And I get $$K^2=\frac{64}{73}$$ which is not same with the result of my textbook.

The result of my textbook is (the touching point) D(8,3) and a=8, b=3

 

[tiny-tim]

Now:

$$x^2+4y^2=K$$

$$\frac{x^2}{K}+\frac{y^2}{\frac{K}{4}}=1$$

$$a=K ; b=\frac{K}{4}$$

Hi Physicsissuef!

Nooo … b = K/2.

 

[Physicsissuef]

it doesn't change anything about the result.
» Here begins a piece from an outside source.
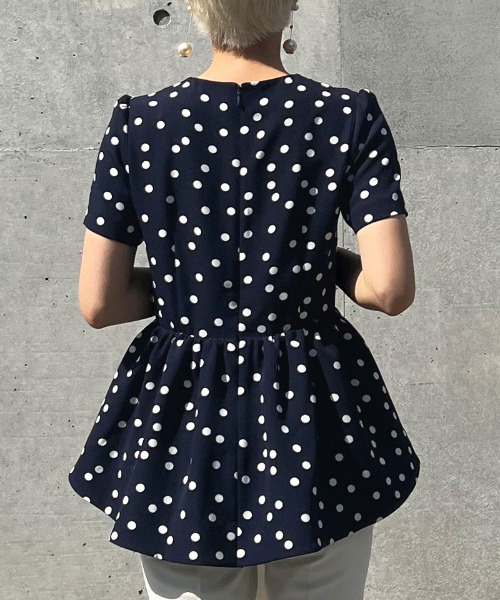 JENNE（ジェンヌ）の「ランダムドット ペプラムブラウス（シャツ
$$a=\sqrt{K}$$, $$b=\sqrt{\frac{K}{4}$$

 

[tiny-tim]

Well … I get K = 4/5.

 

[Physicsissuef]

Ohh. I have mistake.
It should be:
$$K*(\frac{-2}{3})^2+\frac{K}{4}=(\frac{2}{3})^2$$
Since $$a^2=K$$

then the result is $$K=\frac{16}{25}$$
$$a_1=\frac{4}{5} ; b_1=\frac{2}{5}$$ ; $$a_2=\frac{-4}{5} ; b_2=\frac{-2}{5}$$

 

[tiny-tim]

The result of my textbook is (the touching point) D(8,3) and a=8, b=3

Physicsissuef … it's 2x + 3y - 25 = 0.

 

[Physicsissuef]

Yes, also the result of my book for a and b is a=10, b=5
Probably they forgot to write 5 next to 2 so it is 25.

$$2x+3y-25=0$$

$$3y=-2x+25$$

$$y=\frac{-2}{3}x+\frac{25}{3}$$

so

$$K*(\frac{-2}{3})^2+\frac{K}{4}=(\frac{25}{3})^2$$

$$K=100$$

$$a=\pm 10 ; b=\pm 5$$

Thanks for all guys...